I do not doubt that the law societies are well intentioned. I do wonder, however, whether the resources of these law societies are up to the task?

In Federation of Law Societies of Canada, Justice Cromwell, writing for a majority of the Supreme Court of Canada, held certain provisions of the Proceeds of Crime (Money Laundering) and Terrorist Financing Act, S.C. 2000, c. 17, as unconstitutional.

“I would declare that s. 64 is of no force or effect and that ss. 62, 63 and 63.1 should be read down so that they do not apply to documents in the possession of legal counsel or in law office premises,” said the ruling.

The consequence of this is that neither regulatory authorities nor the RCMP can search or seize documents from lawyers’ offices if solicitor-client privilege is claimed in relation to those documents. Thus by operation of the Federation of Law Societies decision, our legal regulators are tasked with independently addressing any concerns about potential lawyer facilitation of money laundering or terrorist financing.

This situation speaks to a need to better resource the legal regulators, or to legislatively move jurisdiction over money laundering to government regulators more up to the task. As our country has left the curtailment of lawyers’ involvement in money laundering up to our provincial and territorial law societies, the scope of the global problem strongly suggests that we need to either publicly resource legal self-regulators, or publicly take on the task of curbing money laundering.
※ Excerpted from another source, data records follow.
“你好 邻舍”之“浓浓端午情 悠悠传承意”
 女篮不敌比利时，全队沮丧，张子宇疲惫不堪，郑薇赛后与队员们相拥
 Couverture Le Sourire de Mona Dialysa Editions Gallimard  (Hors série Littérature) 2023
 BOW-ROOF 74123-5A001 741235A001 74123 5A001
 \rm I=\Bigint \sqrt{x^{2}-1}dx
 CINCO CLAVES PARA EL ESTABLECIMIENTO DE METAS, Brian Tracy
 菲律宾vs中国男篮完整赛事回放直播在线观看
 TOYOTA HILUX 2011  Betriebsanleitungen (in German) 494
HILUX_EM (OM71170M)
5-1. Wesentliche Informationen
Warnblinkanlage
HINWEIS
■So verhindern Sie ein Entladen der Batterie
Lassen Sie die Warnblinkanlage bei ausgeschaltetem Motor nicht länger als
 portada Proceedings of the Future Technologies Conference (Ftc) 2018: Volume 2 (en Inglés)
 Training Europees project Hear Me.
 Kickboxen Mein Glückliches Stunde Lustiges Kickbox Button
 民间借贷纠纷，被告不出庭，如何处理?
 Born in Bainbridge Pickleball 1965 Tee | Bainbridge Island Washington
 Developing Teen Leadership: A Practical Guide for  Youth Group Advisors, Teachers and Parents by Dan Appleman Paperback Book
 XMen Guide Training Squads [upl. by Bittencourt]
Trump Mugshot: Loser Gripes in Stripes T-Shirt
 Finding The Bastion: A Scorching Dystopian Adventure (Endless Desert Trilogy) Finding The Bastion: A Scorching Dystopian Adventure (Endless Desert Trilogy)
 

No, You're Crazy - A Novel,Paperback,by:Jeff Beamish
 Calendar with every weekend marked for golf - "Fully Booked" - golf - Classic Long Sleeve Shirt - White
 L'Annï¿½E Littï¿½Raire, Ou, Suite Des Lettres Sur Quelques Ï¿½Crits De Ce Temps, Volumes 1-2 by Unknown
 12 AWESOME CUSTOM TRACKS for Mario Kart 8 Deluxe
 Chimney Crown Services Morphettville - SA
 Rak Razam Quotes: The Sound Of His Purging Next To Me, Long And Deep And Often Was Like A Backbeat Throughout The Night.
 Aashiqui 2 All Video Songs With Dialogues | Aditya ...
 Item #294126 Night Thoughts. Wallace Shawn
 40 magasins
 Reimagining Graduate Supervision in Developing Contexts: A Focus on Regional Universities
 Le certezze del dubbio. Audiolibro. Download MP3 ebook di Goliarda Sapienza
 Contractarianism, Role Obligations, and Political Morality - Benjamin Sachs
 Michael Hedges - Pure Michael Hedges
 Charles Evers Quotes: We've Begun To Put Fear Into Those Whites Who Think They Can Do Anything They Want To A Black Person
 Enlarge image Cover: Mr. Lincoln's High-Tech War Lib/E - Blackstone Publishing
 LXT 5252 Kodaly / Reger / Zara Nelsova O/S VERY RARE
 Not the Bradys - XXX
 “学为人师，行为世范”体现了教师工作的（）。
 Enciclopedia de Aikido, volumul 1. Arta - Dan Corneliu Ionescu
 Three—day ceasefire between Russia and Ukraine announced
The scope of money laundering as a problem — as revealed in the Panama Papers and Paradise Papers leaks — indicates a crisis situation speaking to a need for state action, either through funding, or legislative action, or both.

Dr. Rebecca Bromwich teaches and researches criminal law and conflict resolution in the Department of Law and Legal Studies at Carleton University, and co-editor of the RobsonCrim blog.